Data listing:
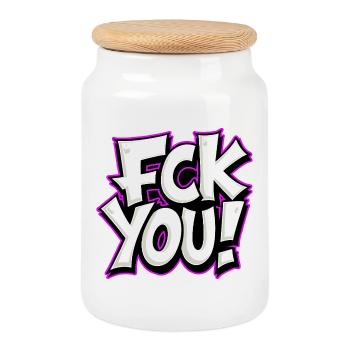 FCK YOU lettering provocative statement - Cookie Jar with Wooden Lid - white - Front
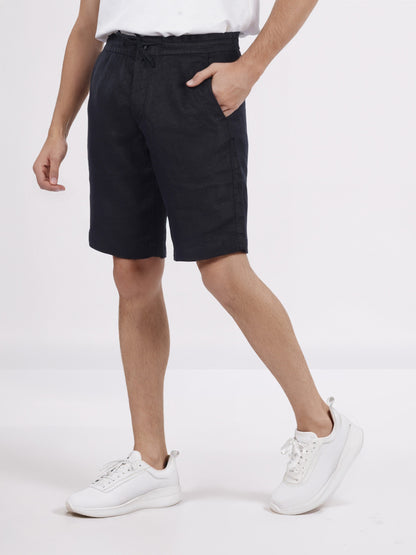 Celio* Men Black Solid Bermuda Fit Linen Shorts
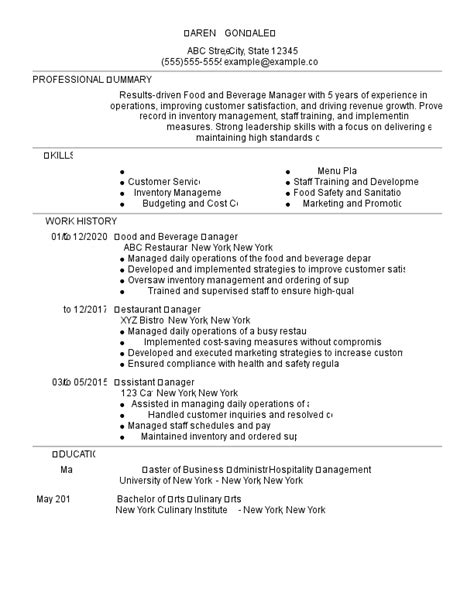 Food And Beverage Manager Resume Examples For 2025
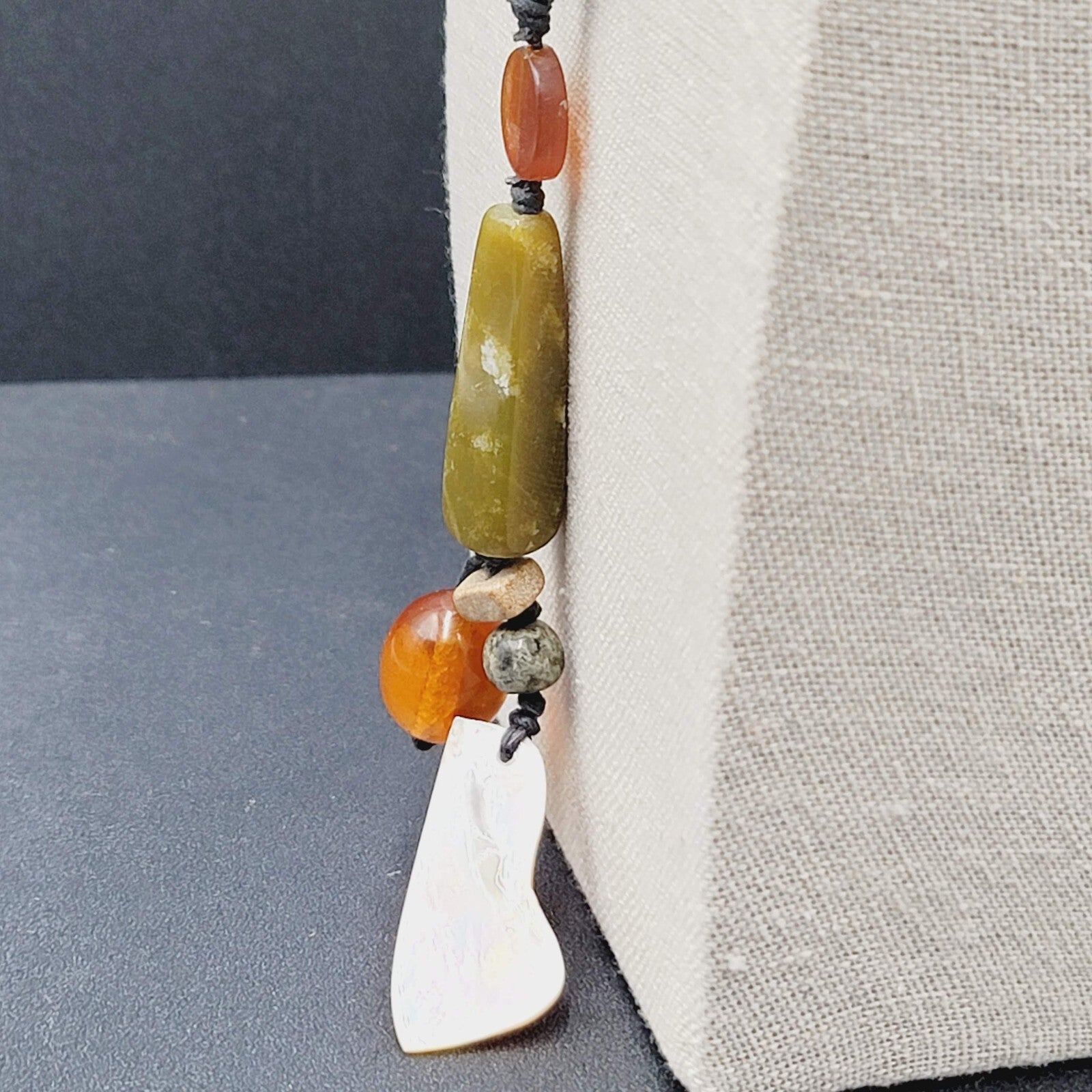 Necklace Glass Bead Shell Gemstone Bead on Black Cord 21"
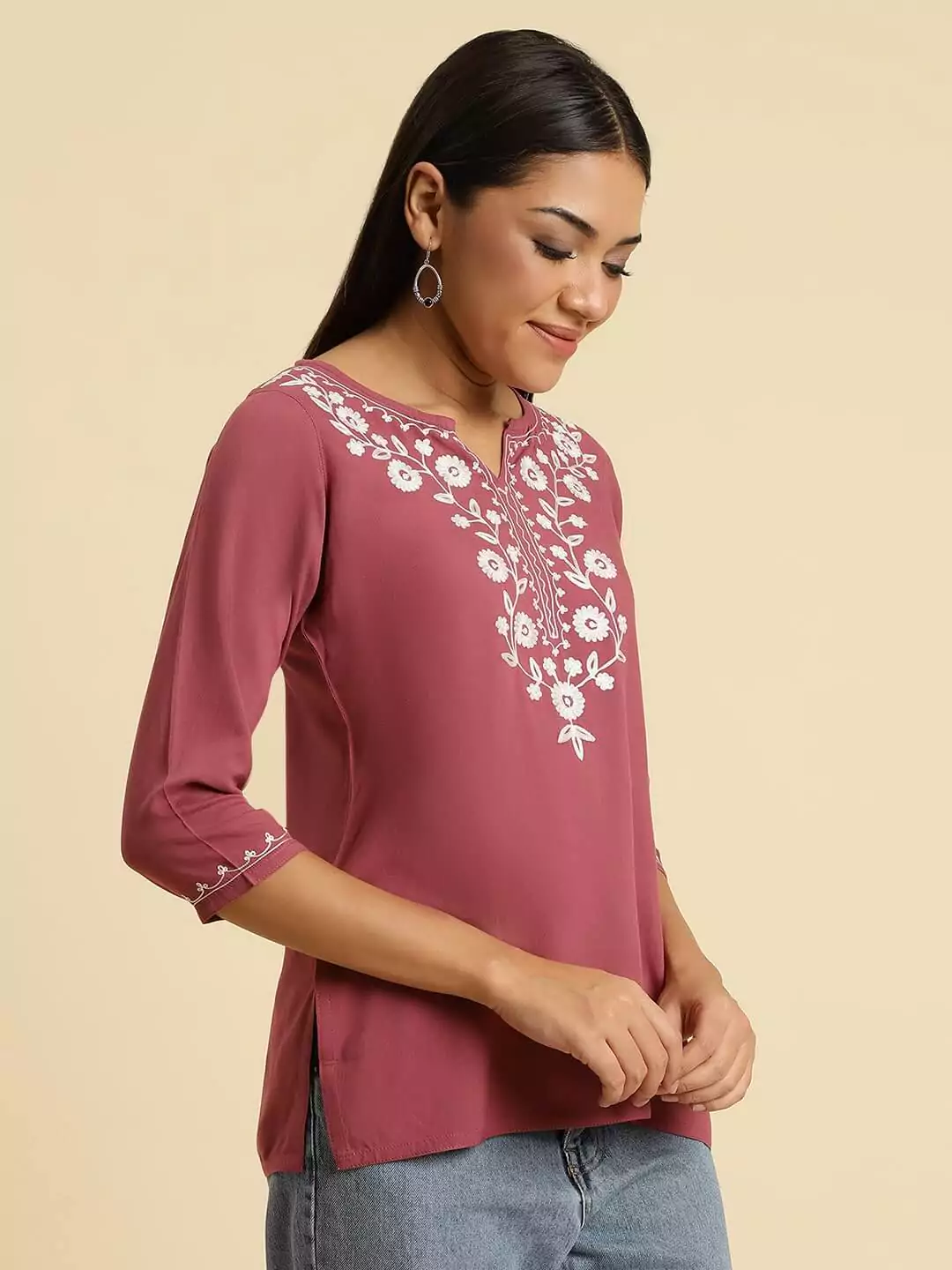 Wild Orchid Pink Kashmiri Silk Work Short Kurti - Image 7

What needs to be done: Without any pictures, restate word for word only the lines from the one with "Necklace Glass Bead" through the end of the listing.

Final answer:
 Necklace Glass Bead Shell Gemstone Bead on Black Cord 21"
 Wild Orchid Pink Kashmiri Silk Work Short Kurti - Image 7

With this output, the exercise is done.